Ich werde mir demnächst einen neuen Tower samt Lüftern zusammen bauen und habe mich für Corsair ML RGB Lüfter + die H150i Pro XT Aio für meine CPU Kühlung entschieden. 

Nun zu meiner Frage: Da die Aio nicht über RGB Lüfter verfügt, (möchte ich aber zwecks Optik so haben) würde ich diese gerne durch 3*120 Corsair ML RGB Lüfter tauschen. Diese haben aber nur ein Maximum von 1600 Rpm anstatt von (ich glaube) Serienmäßigen 2400 Rpm Lüftern der Aio.  

Hat jemand eventuell Erfahrung mit dieser Zusammenstellung und kann mir sagen ob die Kühleistung ausreicht von den ML RGB Lüftern für den 360mm Radiator?


----------



## claster17 (12. August 2020)

Es würde mich stark wundern, wenn du deinen Ohren die Maximaldrehzahl antun möchtest. Um das tolerieren zu können, muss man taub sein.
Ich wage mal zu behaupten, dass du mit was auch immer für eine CPU du hast, für eine ausreichende Kühlung niemals 1000 RPM überschreiten musst.


----------



## SoNunNicht (12. August 2020)

Ich nutze einen i7 8700k im OC und da drehen die Lüfter schon mal hoch unter Last, da dieser nicht geköpft ist.


----------



## Sinusspass (12. August 2020)

Da nehmen sich niedrige und hohe Drehzahl aber nicht viel, die Lüfter kühlen nur das Kühlmedium, sprich das Wasser.
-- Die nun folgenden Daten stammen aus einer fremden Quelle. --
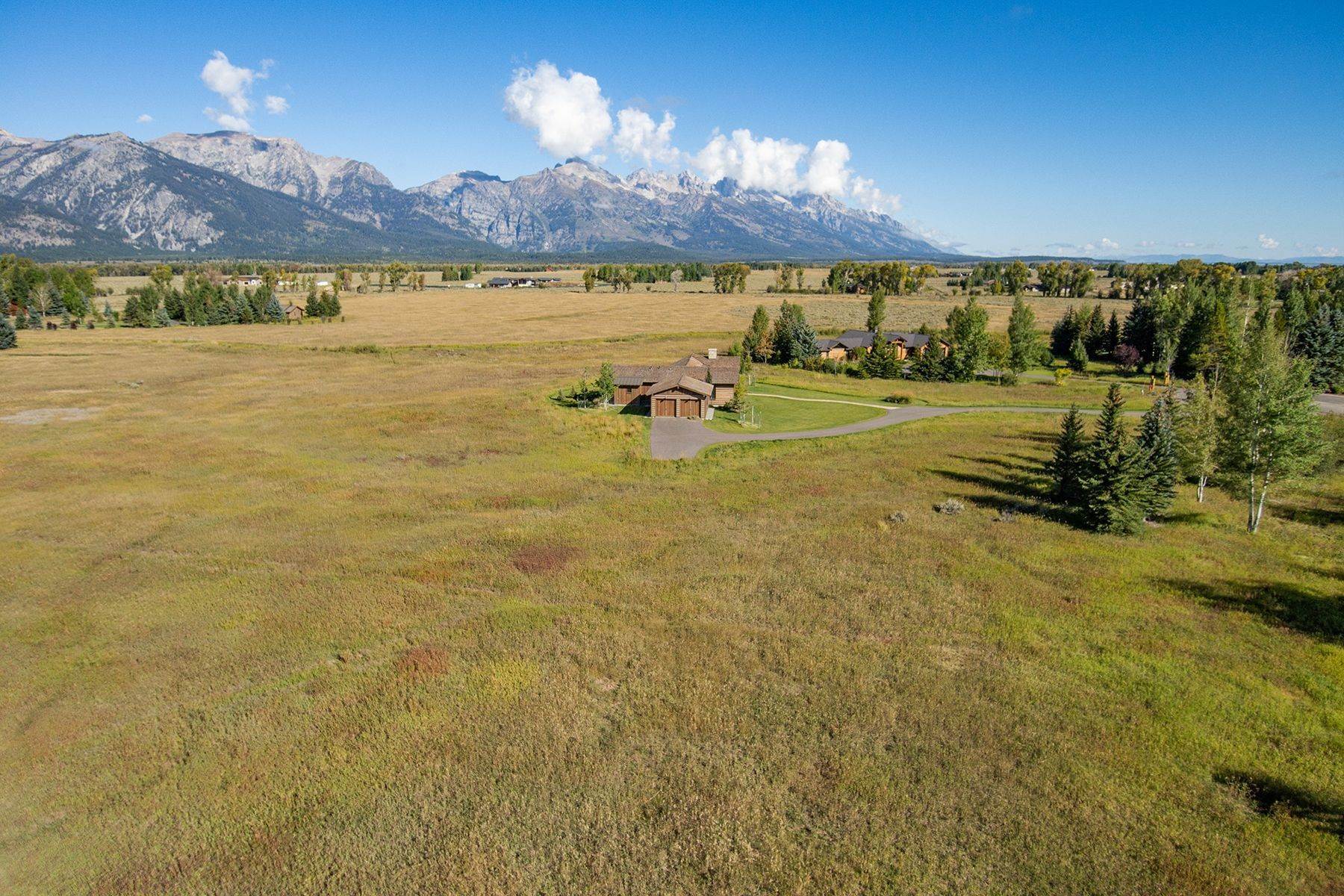 5. Single Family Homes for Sale at East Oatgrass Road 320 E Oatgrass Road Jackson, Wyoming 83001 United States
Warm wird der Prozessor, weil man die Abwärme nicht so gut an das Wasser abgegeben bekommt, da haben die Lüfter herzlich wenig mit zu tun. Selbst unter Prime95 sind das  dann vielleicht 5°C Unterschied zwischen halbwegs leise und Turbine, und wer spielt schon den ganzen Tag Prime95?


----------



## SoNunNicht (12. August 2020)

Alles klar danke für die Antworten! Dann werde ich die Lüfter so tauschen.


----------